Hasta eso que es uno solo por parada, así que en la siguiente subió una señora de cuyo morral emanaba la nostálgica voz de un cantante ingles nacido en Gibraltar, Albert Hammond, y su ancestral one-hit-wonder “Eres toda una mujer”… Ya en Villa de Cortés apareció un joven melenudo con aires de los “Creedences” y, al bajarme en Ermita, un venerable caballero ascendió con los ritmos de Marco Antonio Muñiz.
Los exteriores del metro siguen iguales. Los puestos de fritangas, el oscuro aceite acumulado en los comales, de ese color que según el gourmet Ernesto Trejo le da el verdadero y justo sabor a los tacos de suadero. A los provincianos aún nos cuesta ver a gente tan trajeada y elegante echándose un taco de longaniza y otro de cachete en una esquina llena de moscas. ¿Serán ellos una alegoría viviente de las contradicciones que asume para sobrevivir este país?

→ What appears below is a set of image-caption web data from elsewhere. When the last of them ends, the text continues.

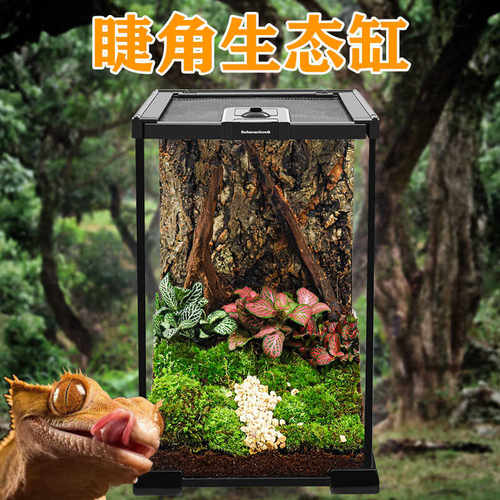 BG树栖睫角饲养箱宠物树蛙玻璃饲养缸雨林造景缸爬宠虫饲养盒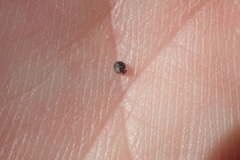 Scleria verticillata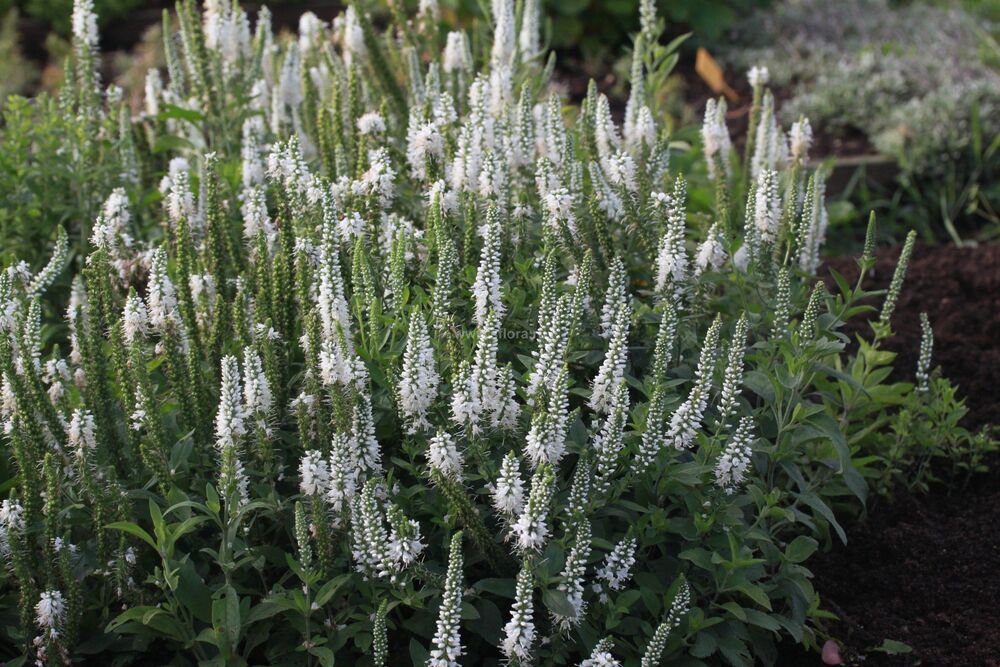 Veronica longifolia Speedwell растение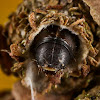 Bagworm Moth (Larvae)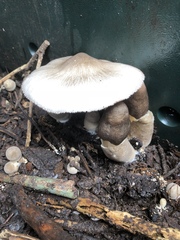 Volvariella volvacea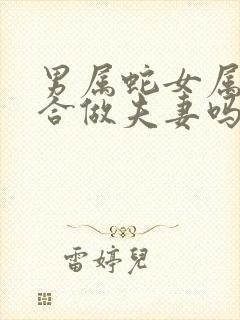 男属蛇女属马适合做夫妻吗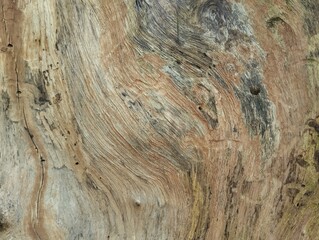 Close up of tree bark or wooden texture background. Natural abstrack background 
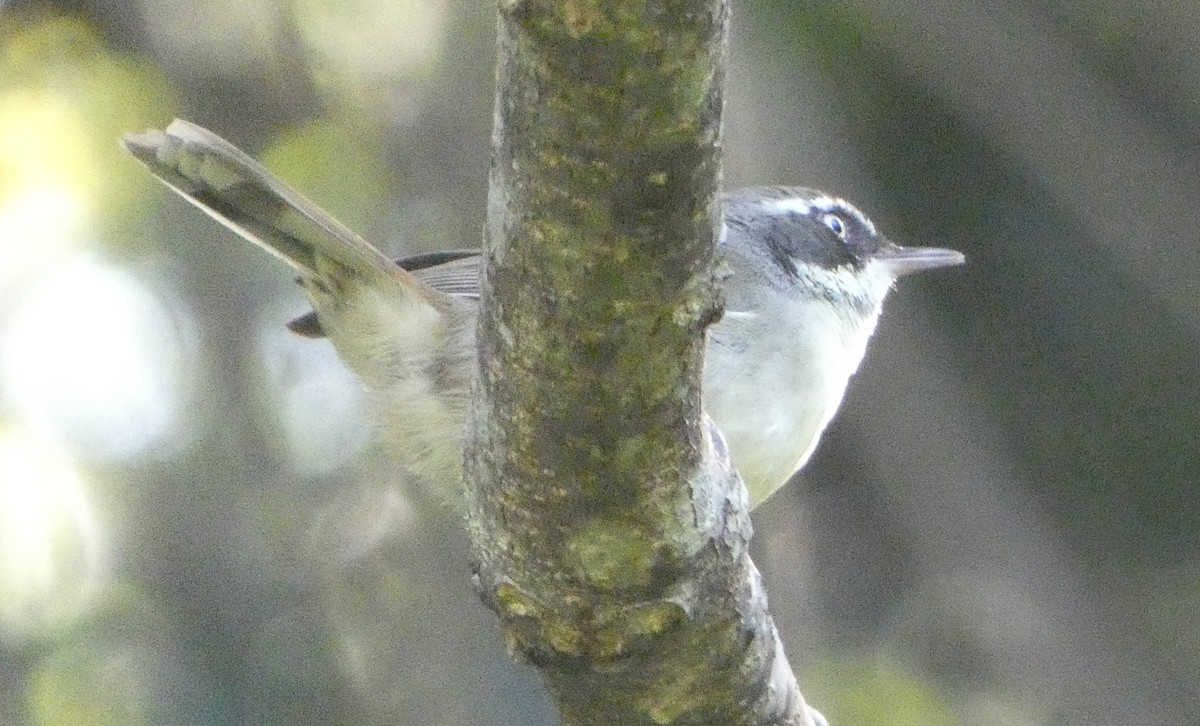 White-browed Scrubwren (White-browed) - ML633258043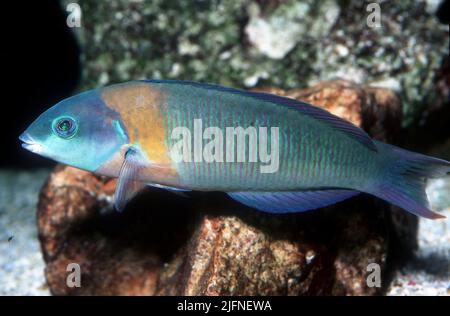 Sella Wrasse, Thalassoma duperrey. Foto Stock
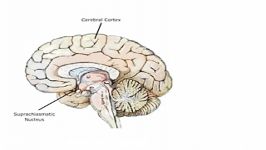 Suprachiasmatic Nucleus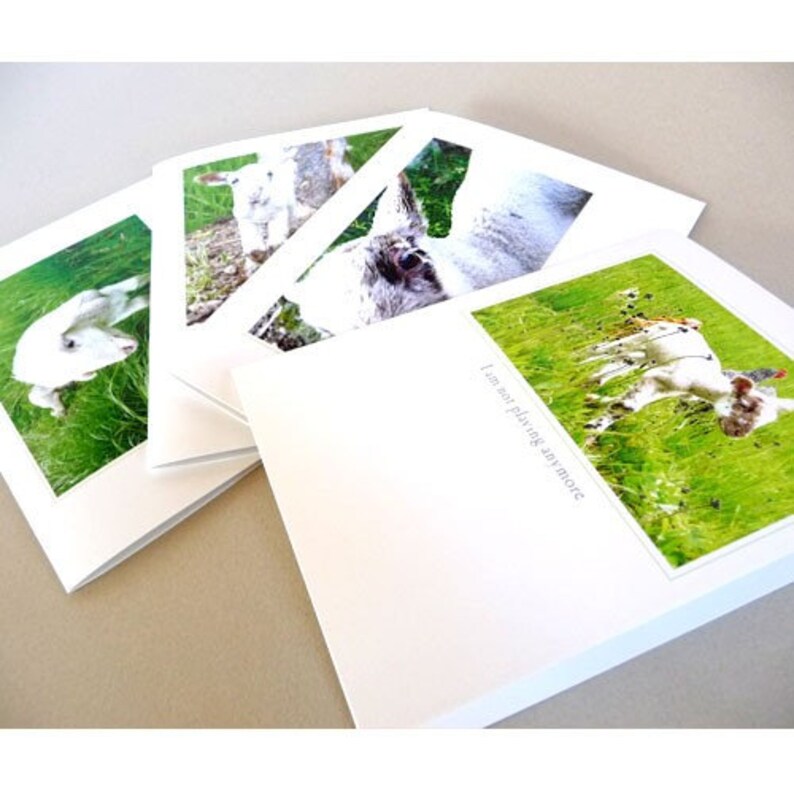 May include: Four white greeting cards with images of baby goats in a grassy field. The text on one card reads "I am not playing anymore".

Regreso al Centro Histórico y camino por las calles, buscando una clavija para el conector de mi teléfono. Por Francisco I. Madero –la antigua Plateros – abundan negocios de objetos electrónicos importados, pero no consigo la pieza: todos me quieren vender el juego completo por 400 o 600 pesos, a mí que sólo me interesa un adaptador que no debería valer más de 50. Sigo caminando; al cabo es agradable la música de los organillos.

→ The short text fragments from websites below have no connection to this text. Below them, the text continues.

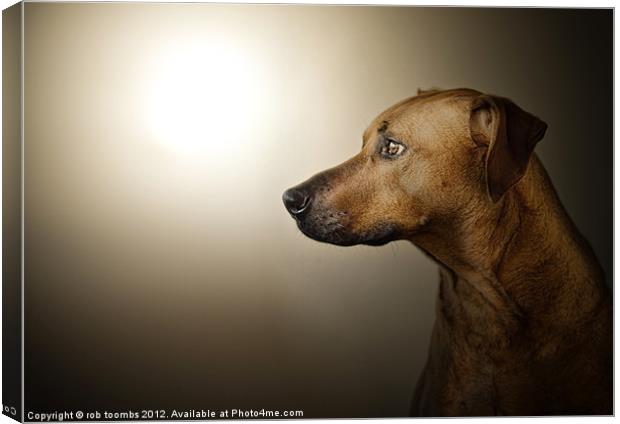 EARLY MORNING RIDGEBACK Canvas Print by Rob Toombs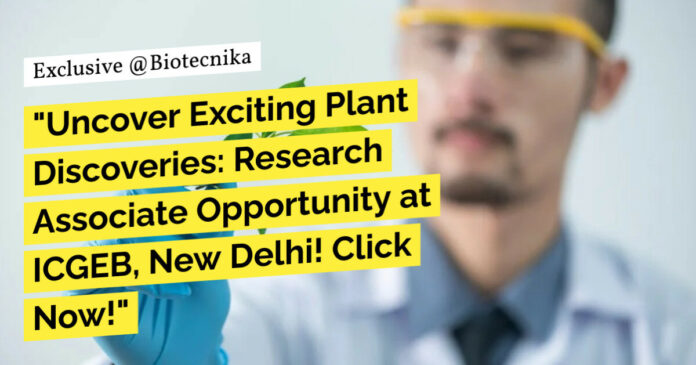 ICGEB Delhi PhD Jobs For Life Sciences, Plant Mol Bio - Attend Walk-In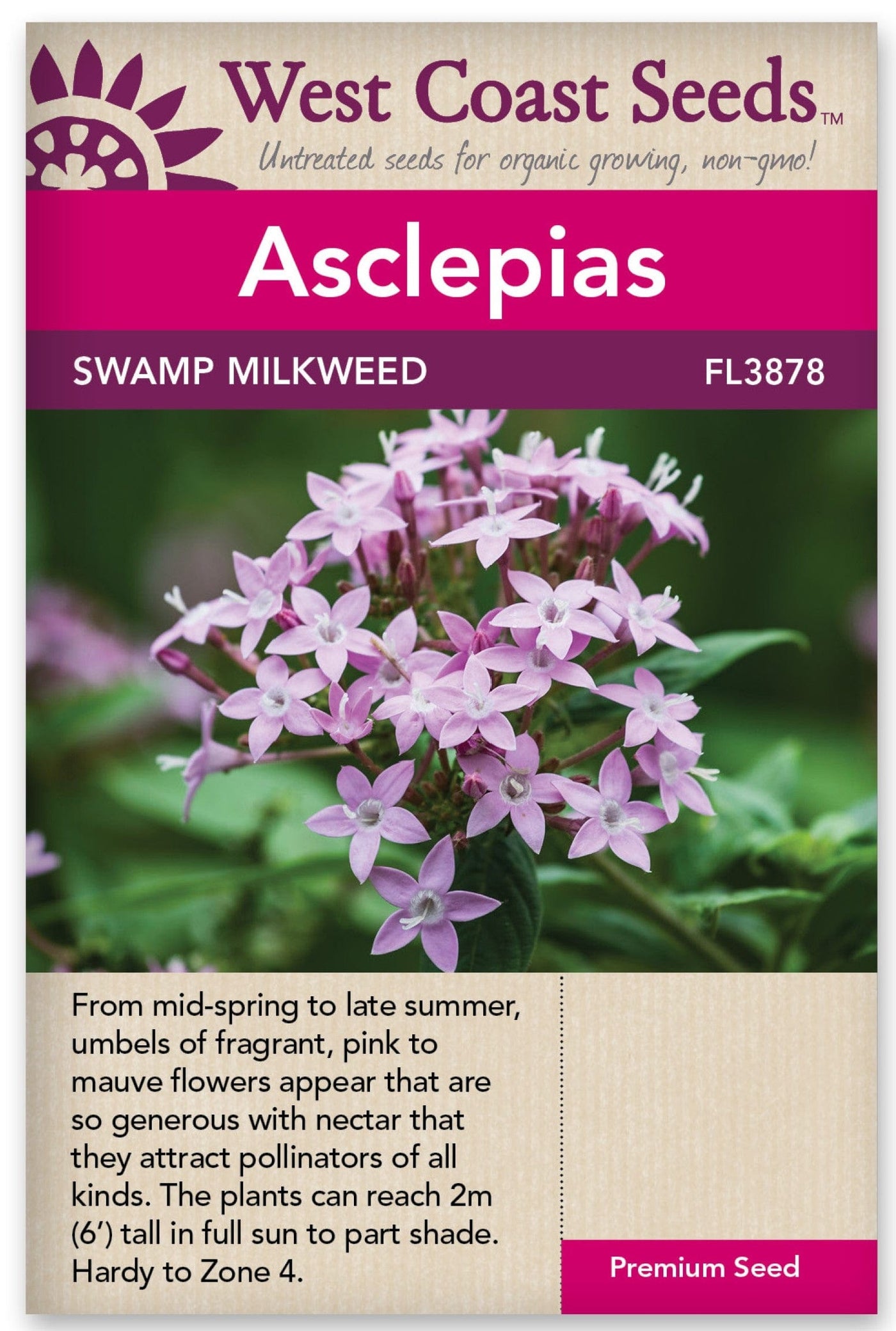 Asclepias Swamp Milkweed - West Coast Seeds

Mi periplo me lleva hasta Reforma y Bucareli. Decido entra a EL UNIVERSAL a saludar al amigo Alejandro Páez, quien por suerte pudo recibirme sin previa cita y me hace un recorrido por la redacción. Le pido permiso para recargar mi teléfono en su computadora y termina regalándome su cargador.

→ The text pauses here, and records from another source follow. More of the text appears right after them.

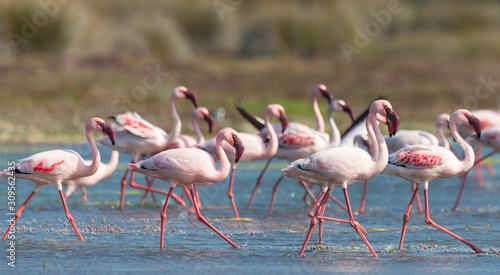 group of flamingos wild in nature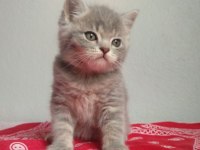 Bakımlı eğitimli sağlıklı british shorthair köftemiz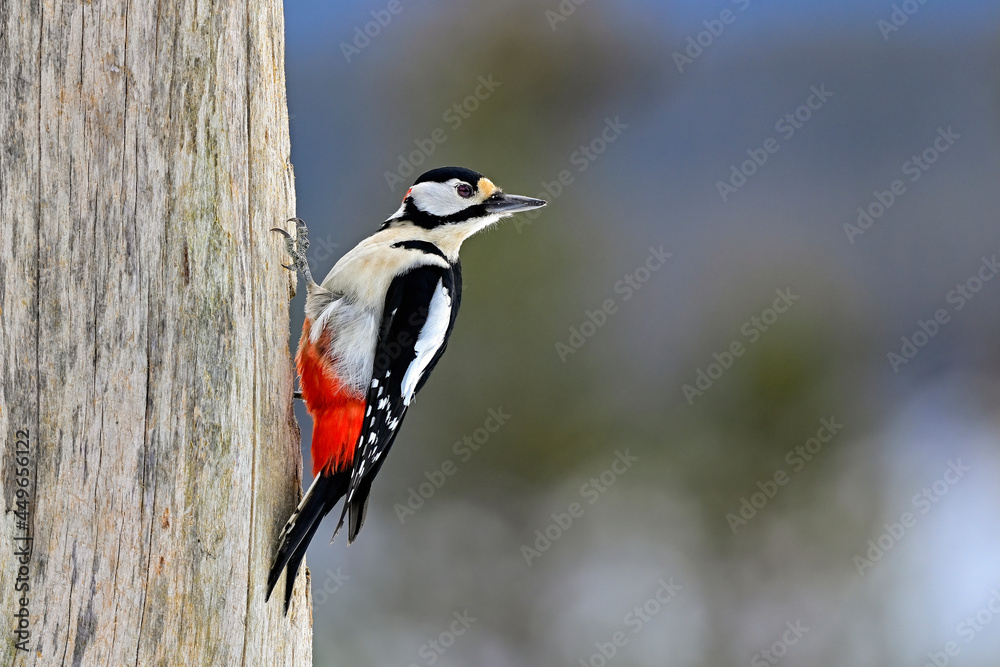Great spotted woodpecker - obrazy, fototapety, plakaty 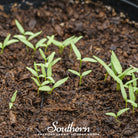 Goji Berry - Wolfberry (Lycium barbarum) - 50 Seeds | Seed Therapy – Heirloom Garden Seeds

Al salir, me entero que el objeto que busco sólo podría haberlo encontrado en un tianguis de mercancía pirata. Una manifestación de maestros pasa frente a mí, con destino al Zócalo, y pide más apoyo a las universidades y menos a los bachilleratos técnicos que nos pueden convertir en un país de maquiladoras… Seamos diferentes, seamos creativos, seamos pensantes.
Creo que vivimos un espejismo y nuestra modernidad es como los ambulantes del metro: mejores equipos, mejor comportamiento, pero en el fondo la misma pobreza y el mismo modelo económico que nos aturde, asfixia y nos quita los sueños antes de que muchos podamos comenzar a tenerlos.